▸ Task instructions:
Your job with the data below: print everything from the line that holds "The Leadership Edit" down to the line that holds "Appartements Jade Apart", ends included, exactly, and nothing else.

▸ Raw data:
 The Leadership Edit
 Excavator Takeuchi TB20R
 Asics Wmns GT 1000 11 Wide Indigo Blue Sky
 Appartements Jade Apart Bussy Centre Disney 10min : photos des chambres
==
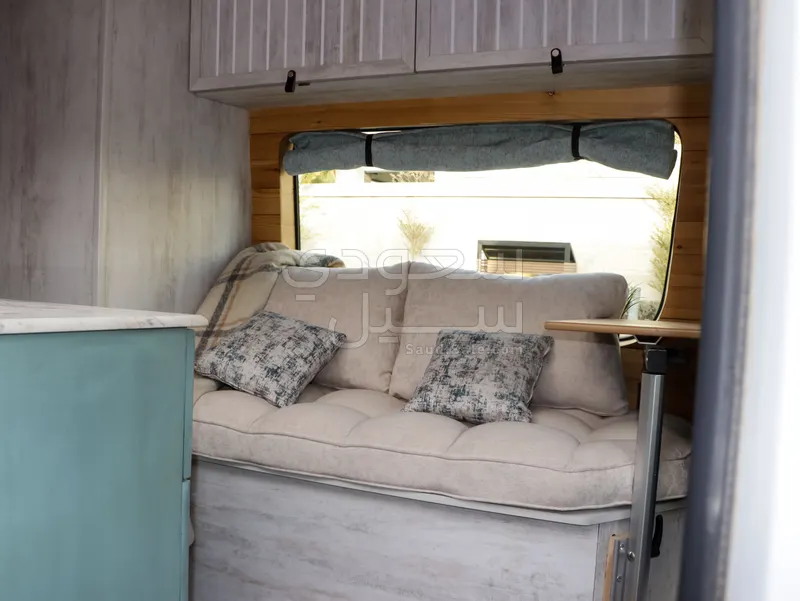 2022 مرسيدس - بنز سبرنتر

▸ Answer to the exercise:
 The Leadership Edit
 Excavator Takeuchi TB20R
 Asics Wmns GT 1000 11 Wide Indigo Blue Sky
 Appartements Jade Apart Bussy Centre Disney 10min : photos des chambres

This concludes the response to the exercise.